J'ai reçu aujourd'hui une Lettre de nôtre cher Goldoni, je me flatte toujours qu'il passera chez nous à son retour. Pour moi je suis toujours réduit à faire des souhaits impuissants. Il me vient souvent des Italiens, et des Anglais, la première question que je leur fais est pour savoir s'ils ont vu monsieur le Marquis Albergati.

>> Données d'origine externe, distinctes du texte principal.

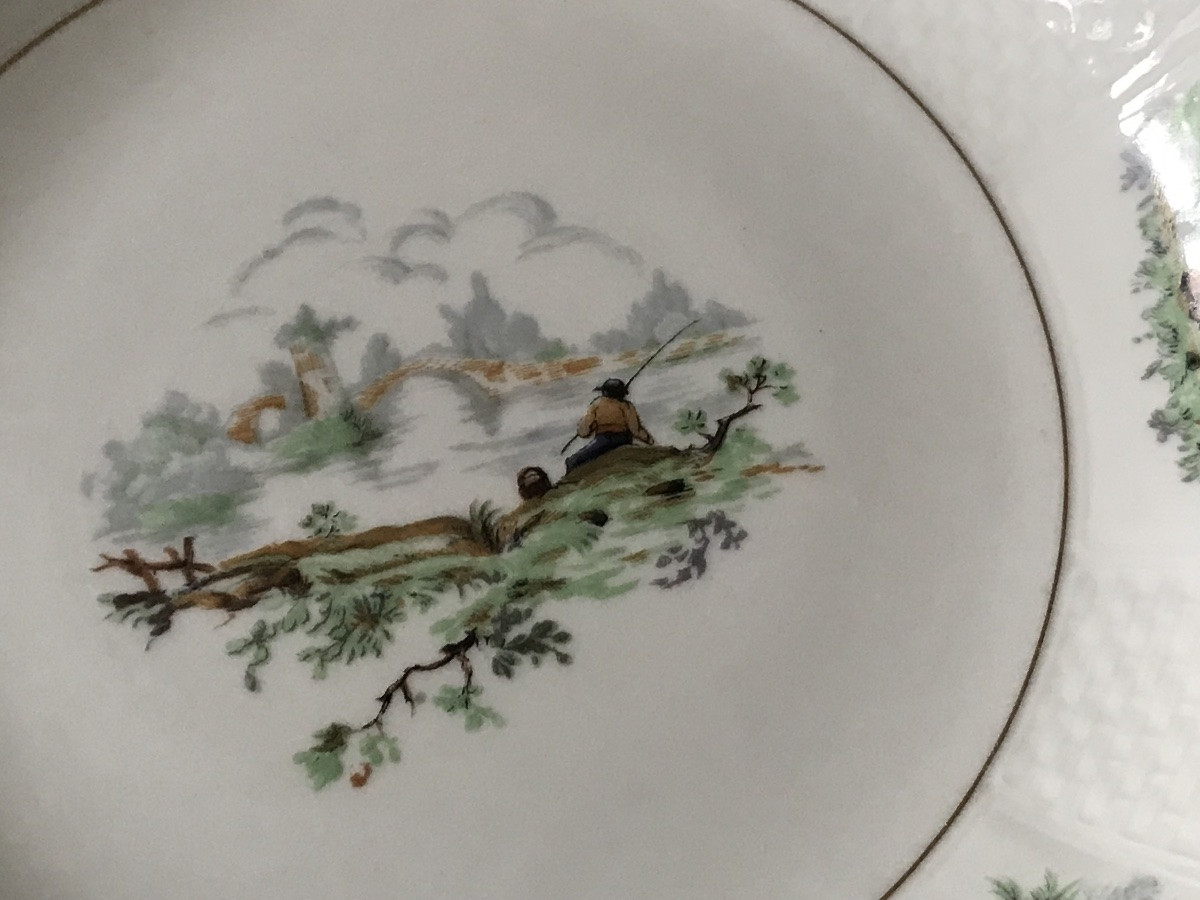 Service de table en porcelaine de Limoges, décor dans le style Veuve Perrin 51 pièces -photo-4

S'ils ne l'ont pas vu ils ne sont pas trop bien reçus. On dit que Mr Algaroti est malade à Boulogne, ce sont les deux ambassadeurs venitiens revenant d'Angleterre par Paris et par Genève, qui me l'ont dit; ils prétendent que sa maladie est très sérieuse; je suis très affligé de son état, et quoique je sois plus malade que lui, je vais lui écrire un petit mot.
Adieu, Monsieur, on ne peut être plus sensible que je le suis à vos bontés.
V.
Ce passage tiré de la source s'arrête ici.